I growl against her mouth—actually growl, a sound I’ve never made with anyone—and she shivers at the vibration.

Something snaps inside me. The careful restraint, the gentle handling, the constant awareness that she’s human and fragile and I’m something that could destroy her without meaning to—all of it dissolves under the heat in her gaze.

I stop treating her like she’ll break.

My hands span her waist, lifting her as I rise from the bench.

She weighs nothing—a bundle of determination and fire wrapped in borrowed fabric.

Her legs wrap around my hips instinctively, her arms around my neck, and the position presses her center against my stomach.

Even through layers of fabric, I can feel the heat of her.

The stone wall meets her back.
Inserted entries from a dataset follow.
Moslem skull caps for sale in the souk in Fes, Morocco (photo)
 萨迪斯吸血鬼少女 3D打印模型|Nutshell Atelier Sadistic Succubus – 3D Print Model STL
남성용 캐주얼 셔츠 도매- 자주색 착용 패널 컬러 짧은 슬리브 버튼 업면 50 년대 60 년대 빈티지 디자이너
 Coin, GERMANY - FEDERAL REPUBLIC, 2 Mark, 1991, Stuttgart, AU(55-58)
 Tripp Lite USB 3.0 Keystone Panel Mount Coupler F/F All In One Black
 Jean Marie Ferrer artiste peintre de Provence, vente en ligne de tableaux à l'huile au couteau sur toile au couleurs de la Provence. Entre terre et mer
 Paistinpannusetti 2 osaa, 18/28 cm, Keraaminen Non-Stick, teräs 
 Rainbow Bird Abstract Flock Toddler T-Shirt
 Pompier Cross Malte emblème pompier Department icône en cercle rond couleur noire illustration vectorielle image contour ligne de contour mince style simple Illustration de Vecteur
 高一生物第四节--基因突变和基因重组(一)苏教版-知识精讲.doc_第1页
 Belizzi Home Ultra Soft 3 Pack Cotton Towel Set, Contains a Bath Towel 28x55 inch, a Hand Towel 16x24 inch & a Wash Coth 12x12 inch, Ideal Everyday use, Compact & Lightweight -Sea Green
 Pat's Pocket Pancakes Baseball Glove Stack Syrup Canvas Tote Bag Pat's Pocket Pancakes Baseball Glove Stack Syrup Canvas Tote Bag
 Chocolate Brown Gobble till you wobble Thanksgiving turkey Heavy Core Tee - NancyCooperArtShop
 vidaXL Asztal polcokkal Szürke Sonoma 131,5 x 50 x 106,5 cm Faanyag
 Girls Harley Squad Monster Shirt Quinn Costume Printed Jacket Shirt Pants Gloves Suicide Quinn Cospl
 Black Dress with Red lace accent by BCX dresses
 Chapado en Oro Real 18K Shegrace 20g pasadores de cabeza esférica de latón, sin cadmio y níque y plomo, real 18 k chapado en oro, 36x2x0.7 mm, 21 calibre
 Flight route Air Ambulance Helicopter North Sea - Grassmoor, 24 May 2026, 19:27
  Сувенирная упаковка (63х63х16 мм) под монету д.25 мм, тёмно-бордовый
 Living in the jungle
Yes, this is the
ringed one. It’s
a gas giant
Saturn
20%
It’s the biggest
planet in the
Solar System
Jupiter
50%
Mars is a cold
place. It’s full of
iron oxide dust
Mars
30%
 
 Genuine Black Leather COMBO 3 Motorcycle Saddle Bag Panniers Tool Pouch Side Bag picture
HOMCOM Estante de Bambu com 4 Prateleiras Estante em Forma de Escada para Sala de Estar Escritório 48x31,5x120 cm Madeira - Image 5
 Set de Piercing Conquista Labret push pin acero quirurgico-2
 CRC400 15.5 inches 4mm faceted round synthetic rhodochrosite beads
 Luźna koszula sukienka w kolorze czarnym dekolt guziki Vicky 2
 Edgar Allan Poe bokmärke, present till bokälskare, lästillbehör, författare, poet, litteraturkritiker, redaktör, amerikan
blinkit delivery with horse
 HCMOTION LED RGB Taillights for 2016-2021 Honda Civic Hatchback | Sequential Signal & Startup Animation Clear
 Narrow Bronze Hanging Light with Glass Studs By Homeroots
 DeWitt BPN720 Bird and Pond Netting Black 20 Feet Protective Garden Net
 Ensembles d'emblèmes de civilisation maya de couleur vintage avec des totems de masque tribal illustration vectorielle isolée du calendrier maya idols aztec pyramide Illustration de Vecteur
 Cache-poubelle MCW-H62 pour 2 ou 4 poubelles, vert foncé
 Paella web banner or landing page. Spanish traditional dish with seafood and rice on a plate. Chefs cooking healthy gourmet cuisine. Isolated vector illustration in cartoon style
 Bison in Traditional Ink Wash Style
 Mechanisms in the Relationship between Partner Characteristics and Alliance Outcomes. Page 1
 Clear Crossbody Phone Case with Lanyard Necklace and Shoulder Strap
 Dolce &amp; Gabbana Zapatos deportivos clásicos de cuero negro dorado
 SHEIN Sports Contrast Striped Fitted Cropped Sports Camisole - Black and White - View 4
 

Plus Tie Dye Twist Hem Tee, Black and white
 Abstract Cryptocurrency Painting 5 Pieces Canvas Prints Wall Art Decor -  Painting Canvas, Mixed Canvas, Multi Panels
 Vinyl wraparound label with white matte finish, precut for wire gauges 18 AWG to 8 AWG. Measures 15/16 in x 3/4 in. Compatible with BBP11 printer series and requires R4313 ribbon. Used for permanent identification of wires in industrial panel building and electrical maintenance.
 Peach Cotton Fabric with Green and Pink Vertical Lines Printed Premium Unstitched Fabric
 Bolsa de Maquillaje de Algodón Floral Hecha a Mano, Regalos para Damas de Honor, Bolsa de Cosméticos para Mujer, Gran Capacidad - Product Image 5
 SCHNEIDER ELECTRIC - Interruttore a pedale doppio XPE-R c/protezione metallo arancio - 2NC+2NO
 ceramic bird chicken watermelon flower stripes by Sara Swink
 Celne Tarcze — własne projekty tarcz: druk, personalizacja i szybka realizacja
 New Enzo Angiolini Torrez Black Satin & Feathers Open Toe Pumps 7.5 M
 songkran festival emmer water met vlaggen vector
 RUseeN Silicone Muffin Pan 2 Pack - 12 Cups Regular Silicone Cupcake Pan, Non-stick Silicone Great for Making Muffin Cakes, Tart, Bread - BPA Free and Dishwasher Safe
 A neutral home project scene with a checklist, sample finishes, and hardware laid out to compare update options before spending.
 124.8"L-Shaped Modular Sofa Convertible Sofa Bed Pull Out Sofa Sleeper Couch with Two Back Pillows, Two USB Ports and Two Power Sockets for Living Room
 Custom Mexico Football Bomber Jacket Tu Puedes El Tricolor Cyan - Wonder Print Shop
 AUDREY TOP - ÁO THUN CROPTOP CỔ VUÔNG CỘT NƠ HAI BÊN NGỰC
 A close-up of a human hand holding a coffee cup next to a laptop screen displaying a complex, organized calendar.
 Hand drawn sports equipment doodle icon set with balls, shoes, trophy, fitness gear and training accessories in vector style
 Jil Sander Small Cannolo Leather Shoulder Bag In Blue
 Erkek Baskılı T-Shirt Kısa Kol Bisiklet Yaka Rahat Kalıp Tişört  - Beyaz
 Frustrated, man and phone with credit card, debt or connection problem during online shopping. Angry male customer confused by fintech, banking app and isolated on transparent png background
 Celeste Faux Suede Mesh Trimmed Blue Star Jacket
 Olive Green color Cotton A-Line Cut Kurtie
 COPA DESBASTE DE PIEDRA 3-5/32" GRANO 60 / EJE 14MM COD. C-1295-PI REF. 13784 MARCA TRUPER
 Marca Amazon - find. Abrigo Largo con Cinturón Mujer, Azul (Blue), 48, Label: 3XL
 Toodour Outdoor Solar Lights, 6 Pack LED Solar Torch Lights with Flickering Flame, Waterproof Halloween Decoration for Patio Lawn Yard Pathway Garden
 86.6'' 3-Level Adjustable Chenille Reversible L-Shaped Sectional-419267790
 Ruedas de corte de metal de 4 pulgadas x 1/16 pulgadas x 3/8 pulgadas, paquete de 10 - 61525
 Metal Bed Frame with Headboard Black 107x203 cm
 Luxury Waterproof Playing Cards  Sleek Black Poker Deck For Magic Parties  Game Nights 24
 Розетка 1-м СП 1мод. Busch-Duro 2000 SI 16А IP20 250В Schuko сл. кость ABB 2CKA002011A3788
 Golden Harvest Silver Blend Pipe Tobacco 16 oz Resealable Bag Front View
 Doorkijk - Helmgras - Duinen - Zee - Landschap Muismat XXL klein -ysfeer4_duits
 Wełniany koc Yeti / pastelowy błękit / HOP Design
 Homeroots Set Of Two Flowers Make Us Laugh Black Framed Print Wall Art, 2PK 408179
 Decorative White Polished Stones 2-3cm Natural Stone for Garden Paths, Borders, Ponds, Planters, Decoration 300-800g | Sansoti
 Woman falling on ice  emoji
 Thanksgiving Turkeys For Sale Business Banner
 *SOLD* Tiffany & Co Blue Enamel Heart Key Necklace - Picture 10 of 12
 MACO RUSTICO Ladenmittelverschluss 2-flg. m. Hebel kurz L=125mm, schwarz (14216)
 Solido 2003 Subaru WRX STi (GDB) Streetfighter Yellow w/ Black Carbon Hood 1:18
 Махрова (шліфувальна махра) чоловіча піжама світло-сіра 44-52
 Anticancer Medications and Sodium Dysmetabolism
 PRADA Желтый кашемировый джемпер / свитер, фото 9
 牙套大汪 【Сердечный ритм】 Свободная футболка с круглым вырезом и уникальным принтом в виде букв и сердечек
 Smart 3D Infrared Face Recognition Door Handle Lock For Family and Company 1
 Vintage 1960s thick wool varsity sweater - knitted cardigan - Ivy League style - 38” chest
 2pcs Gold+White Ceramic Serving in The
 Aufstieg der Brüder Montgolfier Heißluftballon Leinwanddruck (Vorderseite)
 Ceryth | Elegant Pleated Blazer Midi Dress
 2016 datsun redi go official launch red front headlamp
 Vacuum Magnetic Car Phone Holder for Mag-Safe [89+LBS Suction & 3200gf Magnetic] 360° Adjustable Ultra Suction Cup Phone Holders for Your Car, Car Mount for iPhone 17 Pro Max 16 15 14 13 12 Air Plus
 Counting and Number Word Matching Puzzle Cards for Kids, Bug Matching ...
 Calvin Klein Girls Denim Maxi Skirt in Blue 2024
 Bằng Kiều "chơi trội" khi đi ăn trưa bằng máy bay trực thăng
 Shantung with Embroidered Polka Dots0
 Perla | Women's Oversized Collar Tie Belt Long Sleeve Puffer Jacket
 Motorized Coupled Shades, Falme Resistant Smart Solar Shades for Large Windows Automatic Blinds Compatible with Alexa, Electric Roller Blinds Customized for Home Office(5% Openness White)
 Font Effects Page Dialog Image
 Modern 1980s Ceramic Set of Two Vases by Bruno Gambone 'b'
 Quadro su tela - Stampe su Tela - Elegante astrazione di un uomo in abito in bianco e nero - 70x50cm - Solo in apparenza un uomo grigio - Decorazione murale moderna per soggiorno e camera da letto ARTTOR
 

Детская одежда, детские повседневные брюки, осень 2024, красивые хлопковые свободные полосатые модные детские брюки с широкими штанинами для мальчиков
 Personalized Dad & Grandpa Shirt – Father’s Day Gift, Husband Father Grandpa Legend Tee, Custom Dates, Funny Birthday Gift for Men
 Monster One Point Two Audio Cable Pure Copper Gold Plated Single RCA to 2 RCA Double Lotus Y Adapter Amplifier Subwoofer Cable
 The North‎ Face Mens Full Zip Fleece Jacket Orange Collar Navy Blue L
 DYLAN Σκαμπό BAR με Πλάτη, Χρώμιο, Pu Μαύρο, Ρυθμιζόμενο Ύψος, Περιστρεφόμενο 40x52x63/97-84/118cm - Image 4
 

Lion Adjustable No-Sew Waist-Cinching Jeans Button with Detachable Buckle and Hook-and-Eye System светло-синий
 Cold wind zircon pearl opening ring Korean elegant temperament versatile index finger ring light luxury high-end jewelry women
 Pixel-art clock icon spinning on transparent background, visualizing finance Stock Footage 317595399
She gasps into my mouth at the contact—the rock is warm from the lava channel behind it, heated stone cradling her while I press against her from the front. Trapped between two kinds of fire.

I roll my hips against her, grinding the hard length of me against her core.

She moans—a raw, unguarded sound that makes my blood sing.

Her head falls back against the stone, baring her throat, and I take the invitation.

My mouth drags down the column of her neck, teeth scraping, tongue soothing, leaving a trail of marks that will show tomorrow.

“More.” The word is barely coherent. “Zorath, please—”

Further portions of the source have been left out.